Coming Of Age Tour
Milla, München, 26.01.2014
Zum Einstieg folgende Geschichte: Da nimmt man einen Freund mit zum Konzert im festen Glauben, die Hidden Cameras seien für ihn die absolute Premiere und bekommt hernach in einem Nebensatz serviert, er sei sehr wohl 2007 beim Abschiedsspiel von Mehmet Scholl in der proppevollen Allianzarena gewesen. Also kein Erstkontakt? Doch, behauptet der Gegenüber mit felsenfester Überzeugung, er habe das ganze Spektakel damals lückenlos verfolgt, von dieser Band sei ihm allerdings nichts untergekommen. Warum genau das so ist, ließ sich auch auf drängendere Nachfrage nicht feststellen – möglicherweise blendet der auf den „Stern des Südens“ konditionierte Bayernfan solcherlei artfremde, in diesem Falle sogar kuriose Bestandteile im Rahmenprogramm einfach aus. Atomic Café, Freiheiz, Feierwerk, jetzt die Milla – zumindest in München bespielen die Kanadier konsequent die kleinen Örtlichkeiten – für den besagten Newbie eine erstklassige Gelegenheit, das Konzert in nahezu familiärem Rahmen erleben zu dürfen. Und, nicht weiter erstaunlich: Er war begeistert.

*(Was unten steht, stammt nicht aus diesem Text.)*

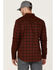 Image #4 - Cody James Men's FR Plaid Print Long Sleeve Snap Work Shirt - Tall, Dark Red, hi-res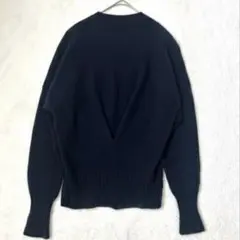 定価2.2万✨ヴェルメイユパーイエナ カシミヤ混 後ろタックプルオーバー 濃紺のサムネイル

Nicht nur er. Mit ihrem aktuellen Album „Age“ hat die (an diesem Abend siebenköpfige) Formation ja einen nicht unerheblichen Stilschwenk vollzogen, weg vom verspielten Folk der frühen Tage, hin zu kompakten, knackigem Wavesound, das ironische Augenzwinkern macht nun nicht selten der dringlich-ernsthaften Anklage Platz – zuviel für die eingeschworene Fanbase? Keineswegs, denn die neuen Stücke teilen sich an diesem Abend nicht nur zu gleichen Teilen die Setlist mit den liebgewonnenen Hits der vorangegangenen fünf Alben, sie finden auch ebensoviel Anklang wie jene. Der Einstieg mit „Doom“ und „Bread For Brat“ gelingt fulminant, auch die beiden Singles „Gay Goth Scene“ und „Year Of The Spawn“ sorgen mit Wucht und Leidenschaft für reichlich Jubel – den gibt’s dann ebenso für „In The NA“, „Breathe On It“, „Underage“ und natürlich „Music Is My Boyfriend“.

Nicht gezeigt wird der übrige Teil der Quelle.